What you need to do: Below are the records; give again exactly the lines from the one containing "White And Black" through the one containing "Mồi Giả Câu", leaving out pictures.
START Supplied records
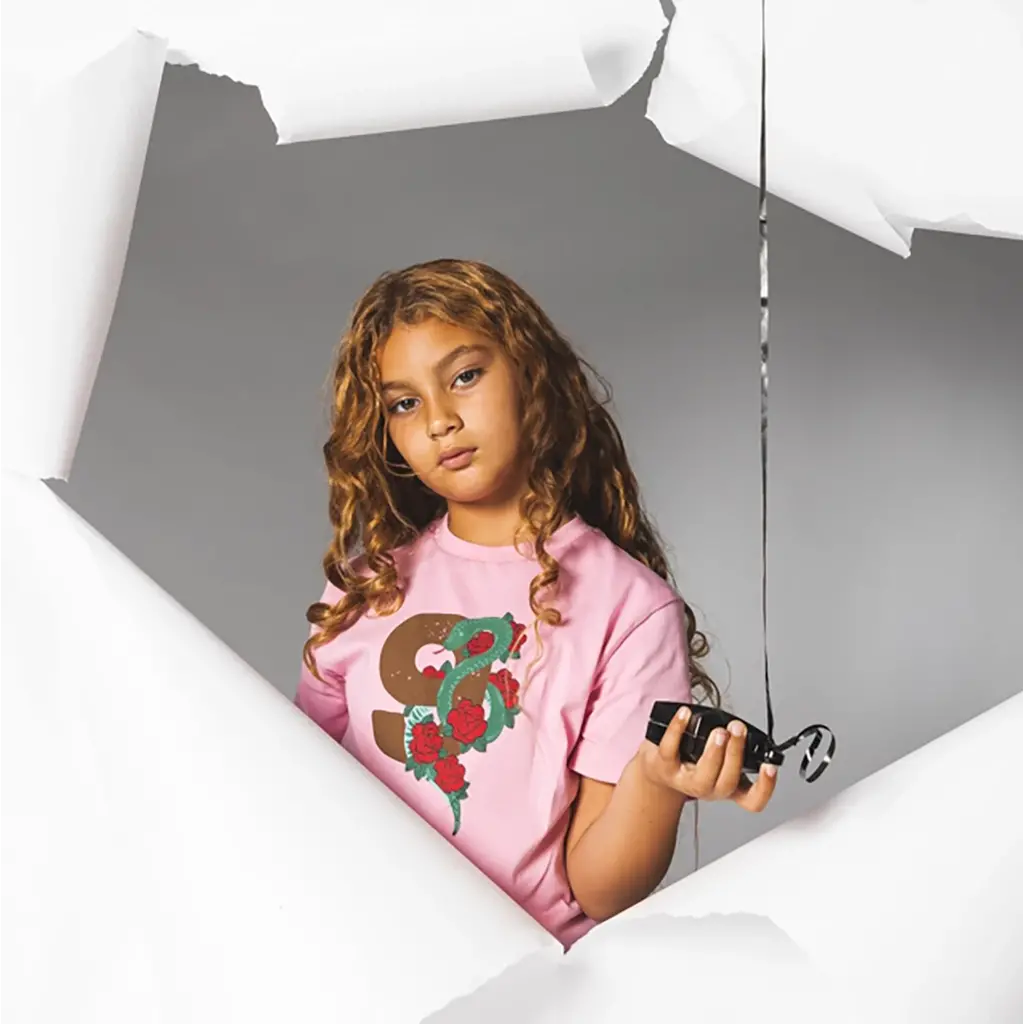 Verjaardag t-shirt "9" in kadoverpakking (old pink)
END Supplied records
START Supplied records
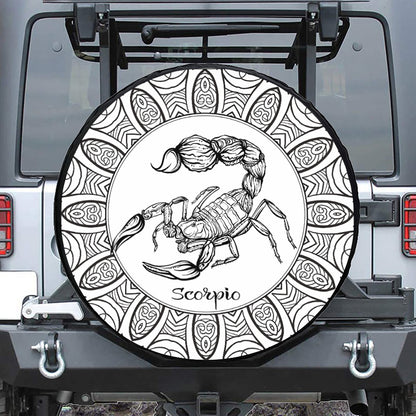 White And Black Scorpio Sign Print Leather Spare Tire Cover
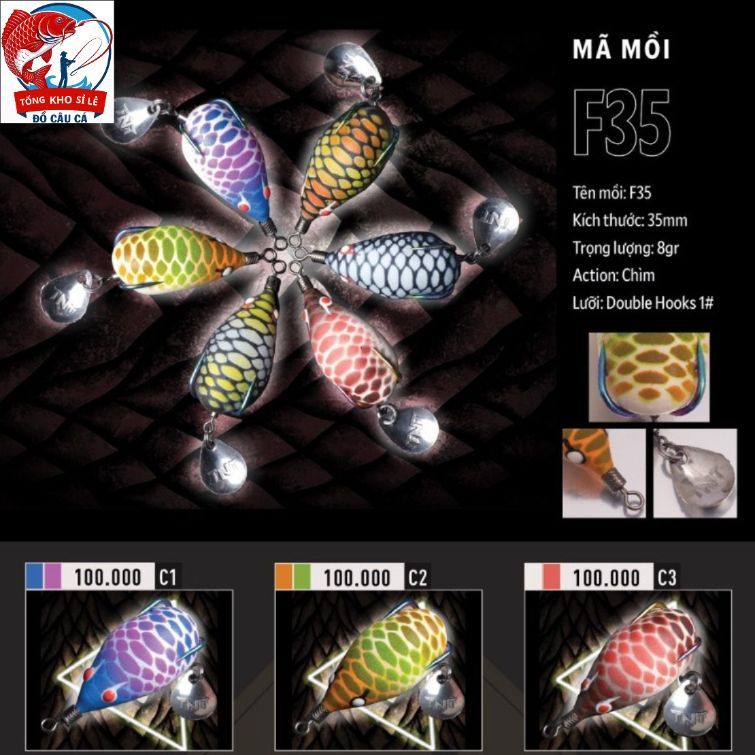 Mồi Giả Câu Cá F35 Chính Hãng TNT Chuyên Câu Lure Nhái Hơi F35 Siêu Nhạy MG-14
END Supplied records
START Supplied records
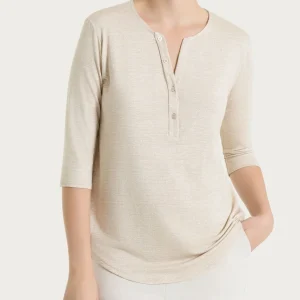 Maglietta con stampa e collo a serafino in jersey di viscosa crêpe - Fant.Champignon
END Supplied records
Task response:
 White And Black Scorpio Sign Print Leather Spare Tire Cover
 Mồi Giả Câu Cá F35 Chính Hãng TNT Chuyên Câu Lure Nhái Hơi F35 Siêu Nhạy MG-14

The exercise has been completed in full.